Rogier van der Weyden, Portrait of a Lady, c. 1460
From the National Gallery of Art:
"This painting is an outstanding example of the abstract elegance characteristic of Rogier’s late portraits. Although the identity of the sitter is unknown, her air of self–conscious dignity suggests that she is a member of the nobility. Her costume and severly plucked eyebrows and hairline are typical of those favored by highly placed ladies of the Burgundian court.

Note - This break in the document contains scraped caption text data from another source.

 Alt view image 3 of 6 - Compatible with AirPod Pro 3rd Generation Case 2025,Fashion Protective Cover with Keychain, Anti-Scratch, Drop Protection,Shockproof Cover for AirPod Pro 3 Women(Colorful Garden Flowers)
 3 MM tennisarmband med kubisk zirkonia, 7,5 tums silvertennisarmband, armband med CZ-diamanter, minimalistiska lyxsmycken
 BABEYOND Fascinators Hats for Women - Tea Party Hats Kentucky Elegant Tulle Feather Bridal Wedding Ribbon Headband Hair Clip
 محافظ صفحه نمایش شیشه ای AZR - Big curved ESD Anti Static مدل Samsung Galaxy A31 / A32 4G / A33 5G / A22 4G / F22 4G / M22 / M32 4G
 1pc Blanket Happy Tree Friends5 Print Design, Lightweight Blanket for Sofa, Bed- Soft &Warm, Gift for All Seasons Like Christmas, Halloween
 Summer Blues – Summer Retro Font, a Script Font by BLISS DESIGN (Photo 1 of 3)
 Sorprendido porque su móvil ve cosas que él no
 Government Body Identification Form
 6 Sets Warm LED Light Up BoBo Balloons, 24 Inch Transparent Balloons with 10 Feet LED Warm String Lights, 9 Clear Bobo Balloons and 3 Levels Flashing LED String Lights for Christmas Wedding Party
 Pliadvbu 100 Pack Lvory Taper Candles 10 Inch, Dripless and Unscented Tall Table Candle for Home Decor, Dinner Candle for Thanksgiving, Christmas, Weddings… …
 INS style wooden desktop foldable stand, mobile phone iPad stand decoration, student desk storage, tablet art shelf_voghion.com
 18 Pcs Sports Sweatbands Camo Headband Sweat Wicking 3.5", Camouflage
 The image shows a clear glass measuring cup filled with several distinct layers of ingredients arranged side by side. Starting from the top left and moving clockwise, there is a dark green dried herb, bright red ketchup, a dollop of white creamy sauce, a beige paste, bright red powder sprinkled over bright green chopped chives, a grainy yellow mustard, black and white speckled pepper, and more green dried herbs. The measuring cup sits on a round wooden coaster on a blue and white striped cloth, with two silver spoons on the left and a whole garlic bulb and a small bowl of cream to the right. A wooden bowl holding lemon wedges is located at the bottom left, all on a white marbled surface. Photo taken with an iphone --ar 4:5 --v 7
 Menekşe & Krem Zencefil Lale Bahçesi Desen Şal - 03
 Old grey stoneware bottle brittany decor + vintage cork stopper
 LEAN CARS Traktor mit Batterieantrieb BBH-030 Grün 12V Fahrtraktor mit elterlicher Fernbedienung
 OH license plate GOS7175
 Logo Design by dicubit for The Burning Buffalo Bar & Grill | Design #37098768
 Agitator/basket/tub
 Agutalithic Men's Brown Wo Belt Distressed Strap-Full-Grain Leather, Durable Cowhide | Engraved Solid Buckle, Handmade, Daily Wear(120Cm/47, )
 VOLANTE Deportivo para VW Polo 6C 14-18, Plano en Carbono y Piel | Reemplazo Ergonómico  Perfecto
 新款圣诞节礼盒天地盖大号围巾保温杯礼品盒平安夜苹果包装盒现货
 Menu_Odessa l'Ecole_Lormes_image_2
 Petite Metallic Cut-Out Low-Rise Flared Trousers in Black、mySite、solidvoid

The stylish costume does not distract attention from the sitter. The dress, with its dark bands of fur, almost merges with the background. The spreading headdress frames and focuses attention upon her face. Light falls with exquisite beauty along the creases of the sheer veiling over her head, and gentle shadows mark her fine bone structure. In contrast to the spareness of execution in most of the painting, the gold filigree of her belt buckle is rendered with meticulous precision. The scarlet belt serves as a foil to set off her delicately clasped hands.
Rogier excelled as a portrait painter because he so vividly presented the character of the persons he portrayed. The downcast eyes, the firmly set lips, and the tense fingers reflect this woman’s mental concentration. Rogier juxtaposed the strong sensation of the sitter’s acute mental activity to his rigid control of the composition and the formality of her costume and pose, presenting the viewer with an image of passionate austerity.”